Available records:
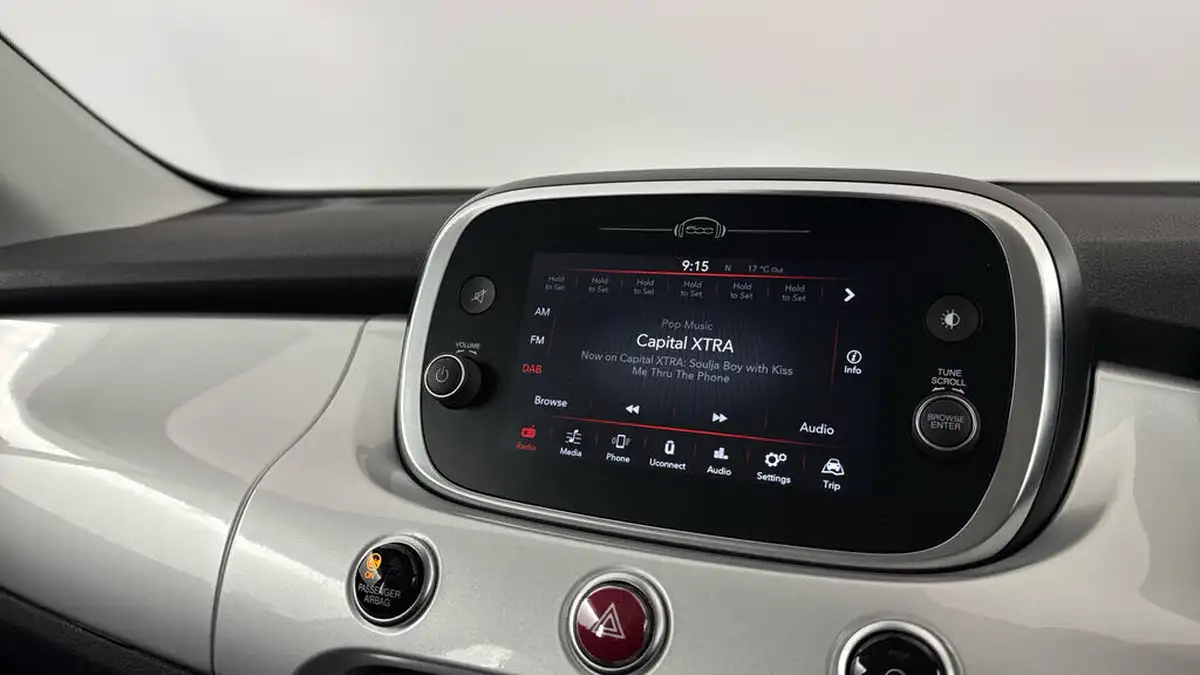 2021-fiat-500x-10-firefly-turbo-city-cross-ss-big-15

...

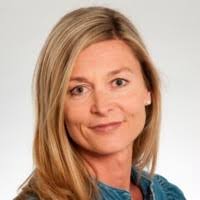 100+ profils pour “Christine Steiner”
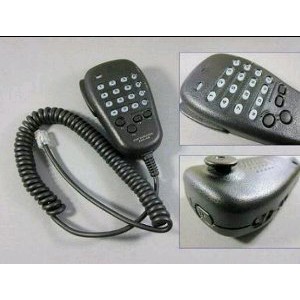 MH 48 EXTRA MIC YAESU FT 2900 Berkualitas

Activity: Starting with the line that has "100+ profils pour" and going on through the line that has "MH 48 EXTRA MIC YAESU FT 2900 Berkualitas", transcribe the records above exactly, but skip the pictures.

Task output:
 100+ profils pour “Christine Steiner”
 MH 48 EXTRA MIC YAESU FT 2900 Berkualitas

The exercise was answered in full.